- How to complete this task:
All lines below between the line with "Welder technician team 84328094" and the line with "Putri Duyung Ancol Kt 24/57", including both, must be copied exactly, and the pictures must be omitted.

- Data for review:
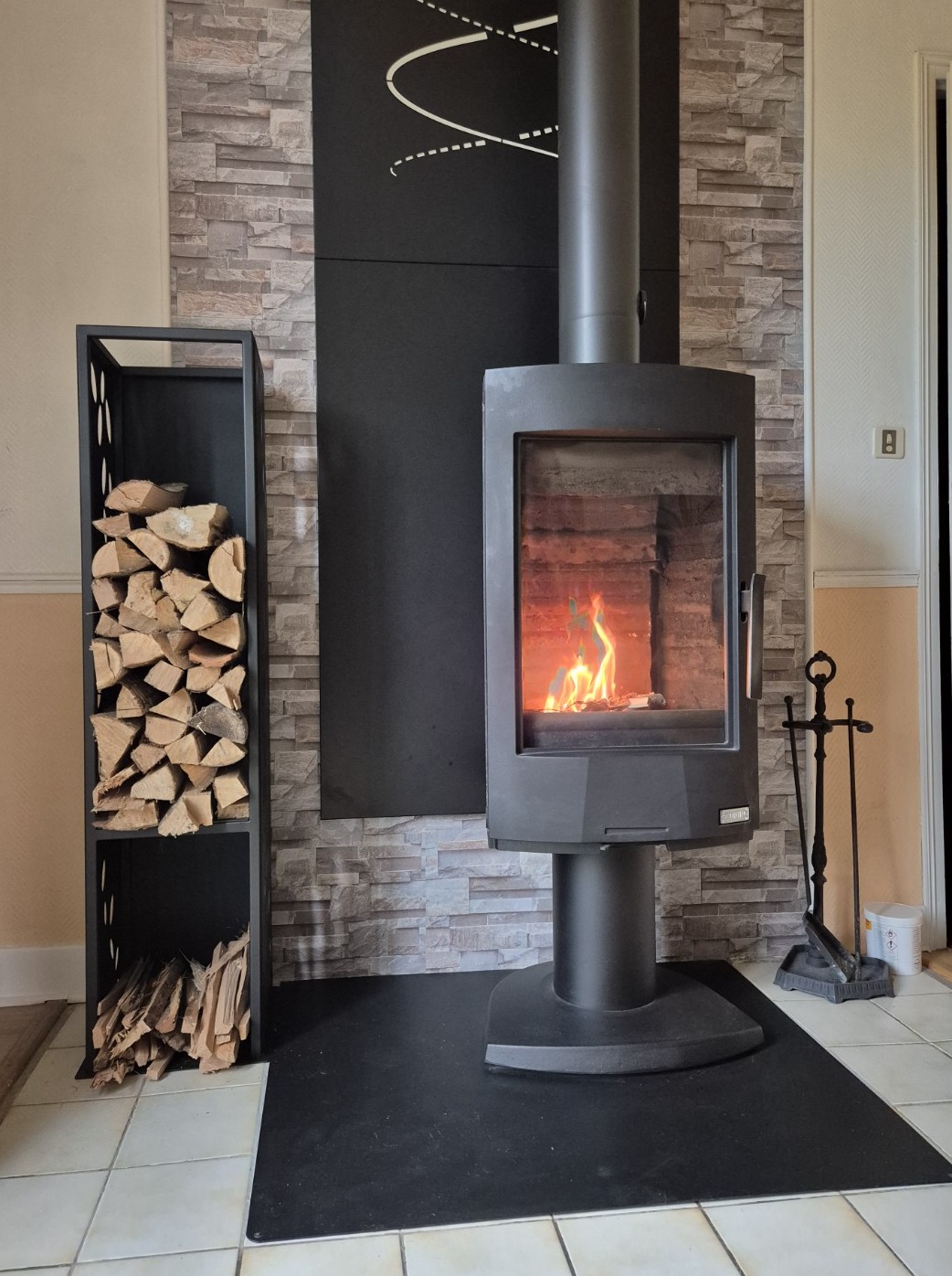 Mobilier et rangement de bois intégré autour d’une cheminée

==

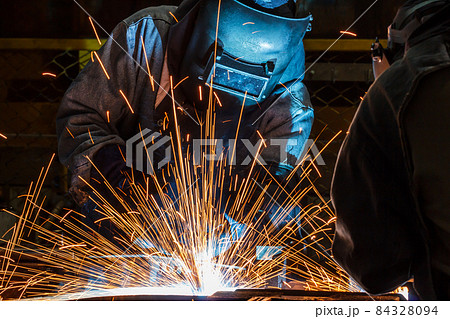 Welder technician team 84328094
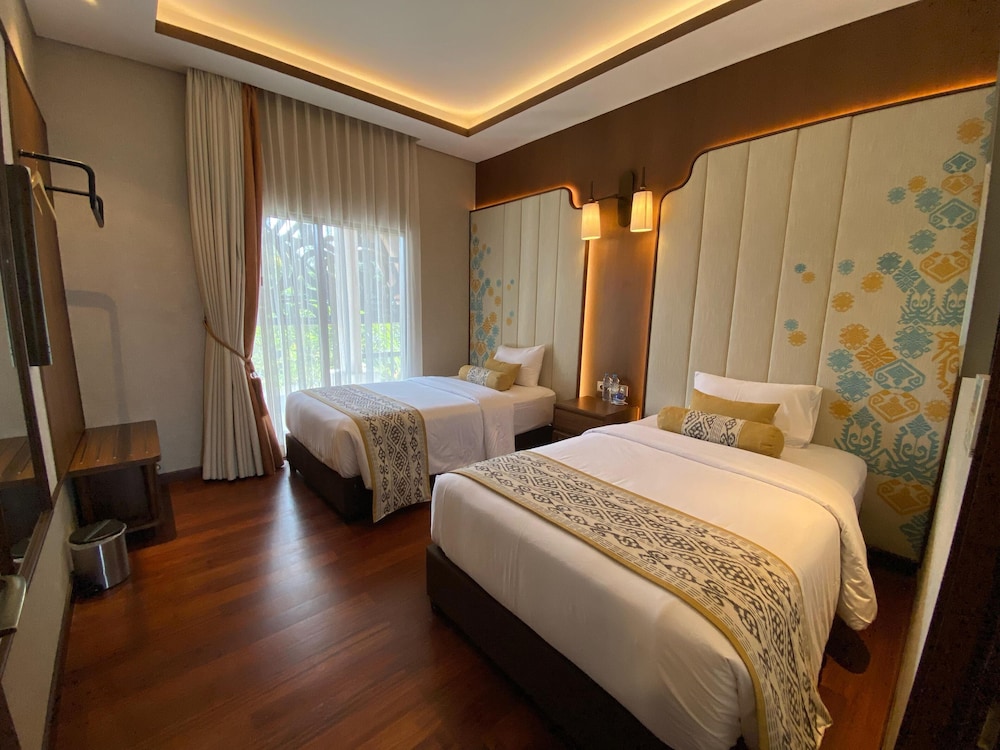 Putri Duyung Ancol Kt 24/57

- Response to the task:
 Welder technician team 84328094
 Putri Duyung Ancol Kt 24/57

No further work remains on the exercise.